What are the current threats and challenges facing these grouper species in the Pacific and what are their imminent impacts on the environment, livelihoods, and food security?Again, these species remain a primary component of the LRFFT regionally. Past studies have shown that the trade appropriates 30-60% of the sustainable grouper production within the Indo-Pacific. This trade is ongoing.
The loss of these fishes has important ramifications for reef function, resilience and maintenance. The loss of any component of the fishery will have socio-economic and food security repercussions, particularly given that Solomons is forecast to move beyond sustainable consumption of food fishes by 2030.

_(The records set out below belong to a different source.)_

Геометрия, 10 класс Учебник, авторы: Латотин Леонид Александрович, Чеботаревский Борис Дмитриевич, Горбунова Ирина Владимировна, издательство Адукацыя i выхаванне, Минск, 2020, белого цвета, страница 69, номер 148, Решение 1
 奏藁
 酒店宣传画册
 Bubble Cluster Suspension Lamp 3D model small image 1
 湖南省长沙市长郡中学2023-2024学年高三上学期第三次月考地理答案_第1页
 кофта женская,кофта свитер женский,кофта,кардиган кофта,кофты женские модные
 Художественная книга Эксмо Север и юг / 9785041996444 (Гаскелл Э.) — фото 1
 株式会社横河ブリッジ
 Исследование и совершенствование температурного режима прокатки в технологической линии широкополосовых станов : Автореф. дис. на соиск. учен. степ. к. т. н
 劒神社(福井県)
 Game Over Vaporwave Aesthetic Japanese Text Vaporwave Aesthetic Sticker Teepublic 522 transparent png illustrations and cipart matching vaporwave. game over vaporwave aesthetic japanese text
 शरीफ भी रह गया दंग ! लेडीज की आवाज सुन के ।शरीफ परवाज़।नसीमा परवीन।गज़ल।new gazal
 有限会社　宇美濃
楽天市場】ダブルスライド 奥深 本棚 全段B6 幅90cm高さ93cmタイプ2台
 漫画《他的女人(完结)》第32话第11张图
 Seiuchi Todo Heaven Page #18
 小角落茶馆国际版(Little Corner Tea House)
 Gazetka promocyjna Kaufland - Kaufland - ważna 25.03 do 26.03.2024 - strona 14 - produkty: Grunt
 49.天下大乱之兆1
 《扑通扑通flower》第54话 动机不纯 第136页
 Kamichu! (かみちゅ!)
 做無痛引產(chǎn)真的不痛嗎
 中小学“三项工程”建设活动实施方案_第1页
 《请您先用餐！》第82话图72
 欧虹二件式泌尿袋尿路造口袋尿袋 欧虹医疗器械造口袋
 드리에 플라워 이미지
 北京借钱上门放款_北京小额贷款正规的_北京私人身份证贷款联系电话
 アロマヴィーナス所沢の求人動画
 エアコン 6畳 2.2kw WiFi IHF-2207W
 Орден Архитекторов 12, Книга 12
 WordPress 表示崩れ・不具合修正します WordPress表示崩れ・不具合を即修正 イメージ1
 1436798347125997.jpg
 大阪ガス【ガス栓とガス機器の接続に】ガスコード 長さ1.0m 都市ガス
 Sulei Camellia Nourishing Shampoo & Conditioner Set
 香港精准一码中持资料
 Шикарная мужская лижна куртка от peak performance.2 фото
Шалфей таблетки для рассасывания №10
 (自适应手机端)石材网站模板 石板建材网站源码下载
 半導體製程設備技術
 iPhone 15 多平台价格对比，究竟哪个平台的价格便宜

A failure to address the ecological and management needs of these species will certainly impact future food security and the ability of these fish populations to persist in the region.
There are discussions around how mariculture, if done responsibly, can be a solution to food and livelihood security issues in the Coral Triangle region. Do you think that grouper mariculture in the Pacific is the way to go? What are the pitfalls that should be avoided and how can we best address these in this part of the world?My opinion is that aquaculture is sometimes put forward as a panacea and replacement for proper fisheries management and conservation, at least for carnivorous top predator fish. Aquaculture in theory may offset overall consumption, but as with the salmon scenario, in reality it often does not reduce demand or the wild capture of these species.
Top predators are poor choices for aquaculture as they require tremendous amounts of food, usually lower tropic level species or industrially farmed products to be cultured to a viable size for sale. There are already problems with aquaculture in terms of wild capture of juveniles, genetic contamination of wild stocks, disease and hybridization within aquaculture facilities.